マルチプロセッシングモジュールでPool.map_async()
(および)を使用するときに問題が発生します。に入力された関数が「通常の」関数であるPool.map()
限り、正常に機能するループ並列関数を実装しました。Pool.map_async
関数が例えばクラスへのメソッドである場合、私は:を取得しPicklingError
ます
cPickle.PicklingError: Can't pickle <type 'function'>: attribute lookup __builtin__.function failed
私はPythonを科学計算にのみ使用しているので、ピクルスの概念にあまり精通しておらず、今日それについて少し学びました。マルチプロセッシングPool.map()を使用しているときに<type'instancemethod'>をピクルすることができないなど、以前のいくつかの回答を見てきましたが、回答で提供されているリンクをたどっても、それを機能させる方法がわかりません。
私のコード。目的は、複数のコアを使用して通常のrvのベクトルをシミュレートすることです。これは単なる例であり、複数のコアで実行しても見返りがない場合があることに注意してください。
import multiprocessing as mp
import scipy as sp
import scipy.stats as spstat
def parfor(func, args, static_arg = None, nWorkers = 8, chunksize = None):
"""
Purpose: Evaluate function using Multiple cores.
Input:
func - Function to evaluate in parallel
arg - Array of arguments to evaluate func(arg)
static_arg - The "static" argument (if any), i.e. the variables that are constant in the evaluation of func.
nWorkers - Number of Workers to process computations.
Output:
func(i, static_arg) for i in args.
"""
# Prepare arguments for func: Collect arguments with static argument (if any)
if static_arg != None:
arguments = [[arg] + static_arg for arg in list(args)]
else:
arguments = args
# Initialize workers
pool = mp.Pool(processes = nWorkers)
# Evaluate function
result = pool.map_async(func, arguments, chunksize = chunksize)
pool.close()
pool.join()
return sp.array(result.get()).flatten()
# First test-function. Freeze location and scale for the Normal random variates generator.

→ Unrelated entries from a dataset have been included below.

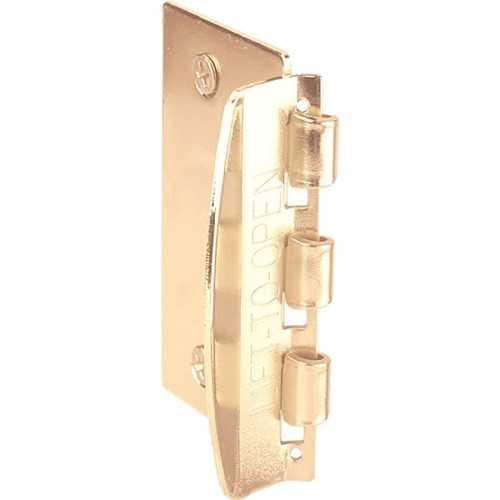 Steel Brass Plated Privacy Flip-Action Door Lock, Pack Of 2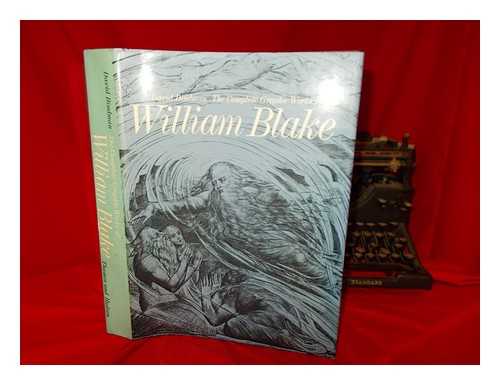 BLAKE, WILLIAM (1757-1827) - The complete graphic works of William Blake / [compiled by] David Bindman, assisted by Deirdre Toomey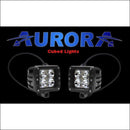 Jeep Wrangler JK 2007-2017 50 Light Bar & LED Cube Light Kit by Aurora - Standard Cubed Light - Bundle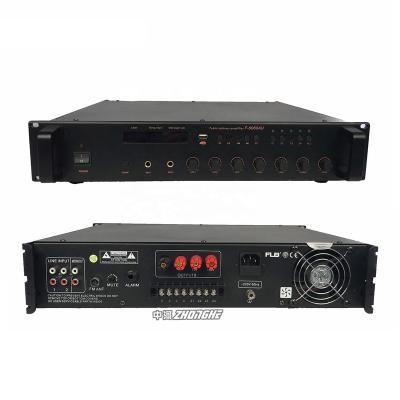 China PA System F-6650AU Network FM PA System 4 Channel Power Amplifier Best Power Amplifiers 650W for sale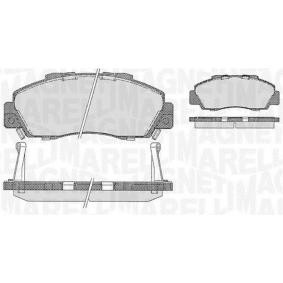 Acquista Kit pastiglie freni da MAGNETI MARELLI 363916060274 a buon mercato per soli 55,36 €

# This returns a function that is a method of the class Norm_gen. Methods cannot be pickled
# so this will give an error.
def genNorm(loc, scale):
def subfunc(a):
return spstat.norm.rvs(loc = loc, scale = scale, size = a)
return subfunc
# Second test-function. The same as above but does not return a method of a class. This is a "plain" function and can be
# pickled
def test(fargs):
x, a, b = fargs
return spstat.norm.rvs(size = x, loc = a, scale = b)
# Try it out.
N = 1000000
# Set arguments to function. args1 = [1, 1, 1,... ,1], the purpose is just to generate a random variable of size 1 for each
# element in the output vector.
args1 = sp.ones(N)
static_arg = [0, 1] # standarized normal.
# This gives the PicklingError
func = genNorm(*static_arg)
sim = parfor(func, args1, static_arg = None, nWorkers = 12, chunksize = None)
# This is OK:
func = test
sim = parfor(func, args1, static_arg = static_arg, nWorkers = 12, chunksize = None)

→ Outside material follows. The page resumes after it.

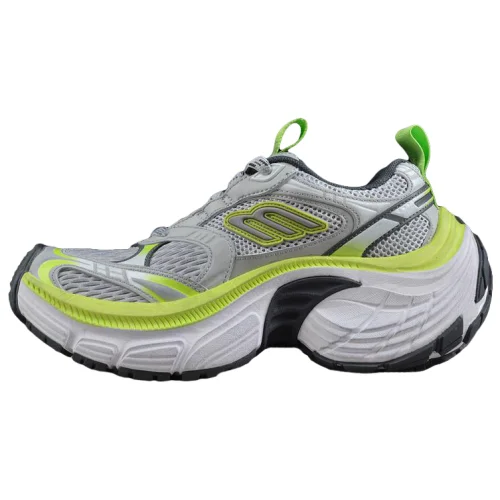 Balenciaga Track Sneaker "Grey/White/Green"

マルチプロセッシングPool.map()を使用しているときに<type'instancemethod'>をピクルスにできないという質問への回答で提供されているリンクをたどると、Steven Bethard(ほぼ最後)がcopy_reg
モジュールの使用を提案します。彼のコードは次のとおりです。
def _pickle_method(method):
func_name = method.im_func.__name__
obj = method.im_self
cls = method.im_class
return _unpickle_method, (func_name, obj, cls)

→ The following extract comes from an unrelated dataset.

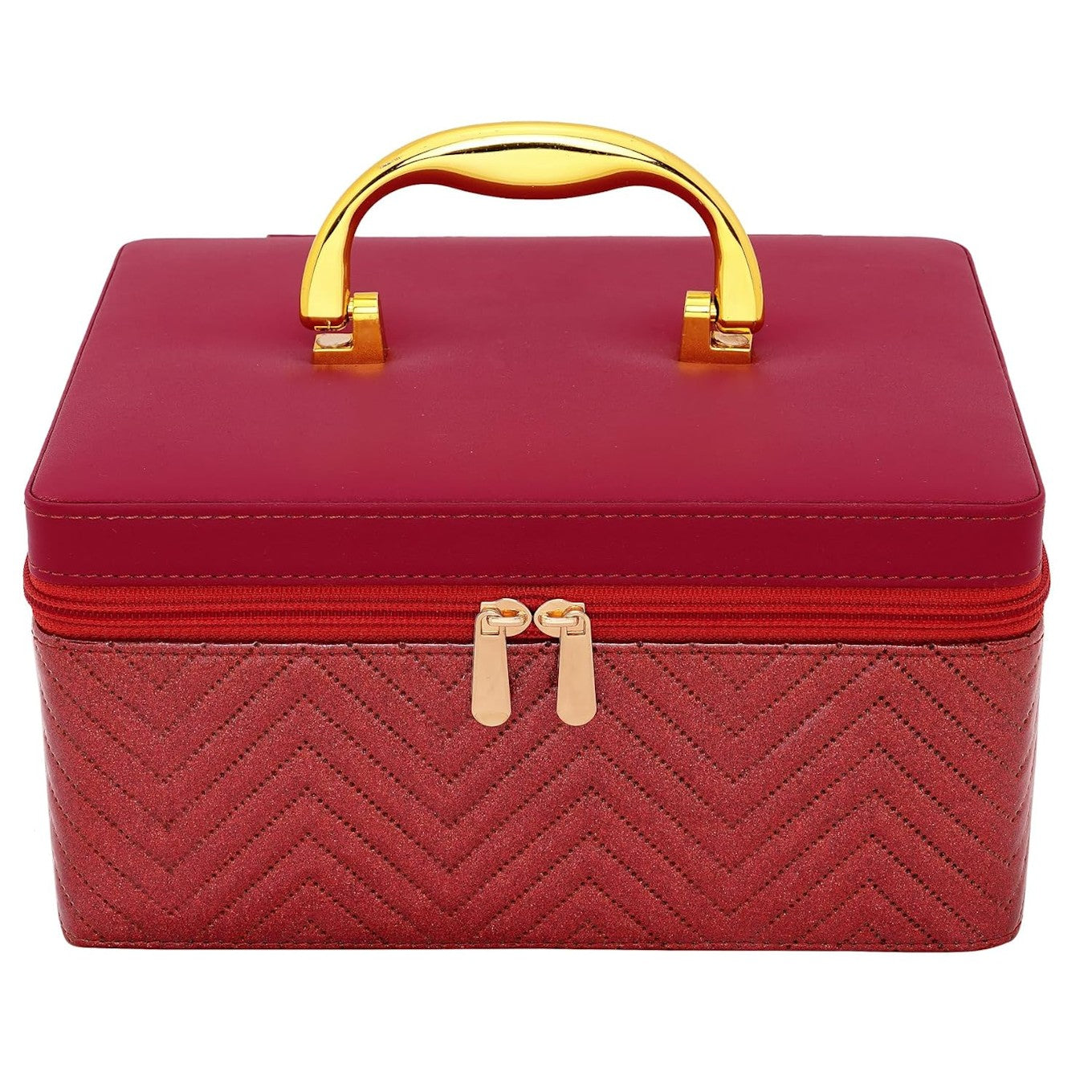 Large Bridal Makeup & Jewellery Storage Case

def _unpickle_method(func_name, obj, cls):
for cls in cls.mro():
try:
func = cls.__dict__[func_name]
except KeyError:
pass
else:
break
return func.__get__(obj, cls)
import copy_reg
import types
copy_reg.pickle(types.MethodType, _pickle_method, _unpickle_method)
これをどうやって利用できるのかよくわかりません。私が思いついたのは、コードの直前に置くことだけでしたが、役に立ちませんでした。簡単な解決策は、もちろん、機能するものを使用して、に関与しないようにすることcopy_reg
です。copy_reg
毎回問題を回避することなく、マルチプロセッシングを最大限に活用するために適切に作業することに興味があります。